Provides a local, lightweight embedded store for recently retrieved entities to avoid repeated querying against the primary database.

Connecting to the Database

The DbContext class automatically creates a database whose name is derived from the fully-qualified name of the context class. However, this behaviour can be overridden by the programmer by passing a custom connection string, database name, or connection string name from the .config file associated with the running application.

The DbContext class has 7 variants of the constructor to provide different ways of establishing a connection to the database server. The default constructor triggers the behaviour described above.

The constructor variant that takes a string parameter can be used to specify any one of the following.

  1. A standard connection string.
  2. A name of a connection string declared in the configuration file (using the syntax “name=connectionString”).
  3. An Entity Framework connection string declared in the configuration file.
  4. A database name (which is sought on the server .\SQLEXPRESS by default).

Alternative constructors can accept DbConnection or ObjectContext instances instead of a string in order to work with already open connections.

Entity Collections

Records in the database tables are referenced through a DbSet instance, which is an implementation of the set abstract data type specifically designed for Entity Framework. A collection can be non-generic by using the System.Data.Entity.DbSet type, or generic through the use of System.Data.Entity.DbSet<TEntity> type.

Collections of root entities are often exposed as DbSet properties of the application’s context class. But specific entity types can also be extracted from the database by using the Set method (or its generic variant) on the context.

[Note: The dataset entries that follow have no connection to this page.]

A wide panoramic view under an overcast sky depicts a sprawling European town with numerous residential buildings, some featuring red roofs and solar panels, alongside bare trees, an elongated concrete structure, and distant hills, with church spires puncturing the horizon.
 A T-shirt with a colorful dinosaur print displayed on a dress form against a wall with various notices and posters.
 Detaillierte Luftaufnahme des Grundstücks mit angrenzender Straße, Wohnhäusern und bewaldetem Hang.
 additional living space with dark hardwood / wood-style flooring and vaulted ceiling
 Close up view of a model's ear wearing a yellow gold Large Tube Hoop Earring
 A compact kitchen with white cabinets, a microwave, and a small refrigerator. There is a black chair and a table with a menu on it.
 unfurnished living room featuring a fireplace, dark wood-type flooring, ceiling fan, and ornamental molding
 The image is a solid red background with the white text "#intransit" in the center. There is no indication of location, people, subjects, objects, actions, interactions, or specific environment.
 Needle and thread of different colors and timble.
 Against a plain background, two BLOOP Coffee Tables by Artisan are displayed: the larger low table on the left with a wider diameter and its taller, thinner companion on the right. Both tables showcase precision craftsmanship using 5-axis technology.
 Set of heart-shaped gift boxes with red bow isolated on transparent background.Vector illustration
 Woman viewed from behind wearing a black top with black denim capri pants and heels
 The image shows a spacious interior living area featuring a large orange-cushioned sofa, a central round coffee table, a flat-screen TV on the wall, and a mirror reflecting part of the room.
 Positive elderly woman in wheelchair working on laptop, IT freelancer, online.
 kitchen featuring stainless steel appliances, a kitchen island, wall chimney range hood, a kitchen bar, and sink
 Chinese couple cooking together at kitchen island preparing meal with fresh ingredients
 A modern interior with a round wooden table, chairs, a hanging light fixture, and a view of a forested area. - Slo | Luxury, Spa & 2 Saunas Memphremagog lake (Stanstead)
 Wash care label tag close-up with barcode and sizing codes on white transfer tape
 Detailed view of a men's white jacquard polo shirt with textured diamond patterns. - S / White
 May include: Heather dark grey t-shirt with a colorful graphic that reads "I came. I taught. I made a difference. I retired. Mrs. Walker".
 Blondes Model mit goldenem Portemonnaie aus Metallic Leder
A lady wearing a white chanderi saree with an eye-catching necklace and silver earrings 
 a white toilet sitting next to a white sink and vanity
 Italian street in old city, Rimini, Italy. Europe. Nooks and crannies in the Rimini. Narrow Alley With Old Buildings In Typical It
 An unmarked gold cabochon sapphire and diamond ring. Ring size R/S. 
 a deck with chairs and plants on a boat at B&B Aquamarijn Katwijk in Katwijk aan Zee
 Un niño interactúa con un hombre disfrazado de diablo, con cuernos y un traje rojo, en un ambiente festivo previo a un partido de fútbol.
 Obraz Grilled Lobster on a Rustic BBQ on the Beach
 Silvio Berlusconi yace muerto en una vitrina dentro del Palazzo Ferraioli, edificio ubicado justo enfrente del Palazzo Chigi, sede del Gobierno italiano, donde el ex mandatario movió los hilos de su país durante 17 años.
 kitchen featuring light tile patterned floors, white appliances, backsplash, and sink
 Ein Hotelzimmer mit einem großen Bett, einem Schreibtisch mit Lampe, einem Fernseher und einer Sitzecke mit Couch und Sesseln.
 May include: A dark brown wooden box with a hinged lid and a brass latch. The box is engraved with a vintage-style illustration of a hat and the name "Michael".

The DbSet class exposes methods to perform your standard CRUD operations on the table. The most important methods are Create, Add, Find, Remove and Attach. You will notice that most of these methods are also available on the Set ADT, which the DbSet type is based on.

Create, Add and Attach sound similar in nature, but are quite different. The Create method instantiates an entity without adding it to the DbSet. The Add method is used to add the entity to the database and mark it for saving later. Finally, Attach adds an entity to the collection without marking it for saving. This is useful for adding temporary entities to read-only collections.

The revised ContentContext class for this application looks like this.

namespace Notadesigner.Blog
{
    public class ContentContext : DbContext
    {
        public ContentContext("Notadesigner")
        {
        }

        public virtual DbSet Blogs
        {
            get;
            set;
        }

        public virtual DbSet Posts
        {
            get;
            set;
        }

        public virtual DbSet Categories
        {
            get;
            set;
        }
    }
}

Based on this structure, the code to retrieve a specific Post by its primary key would be as shown below.

var db = new ContentContext();
var post = db.Posts.Find(10);

Inserting a new record is done in two parts. First, the entity instance is created, then it is added to the collection and the changes saved to the database.

var db = new ContentContext();
var post = db.Posts.Create();
post.Title = "Ways to Try and Take Over the World";
post.Slug = GenerateSlug(post.Title);
// Set other properties on the entity
…
db.Posts.Add(post);
db.SaveChanges();

Attach is useful when you wish to update only a few properties in a record which contains many columns.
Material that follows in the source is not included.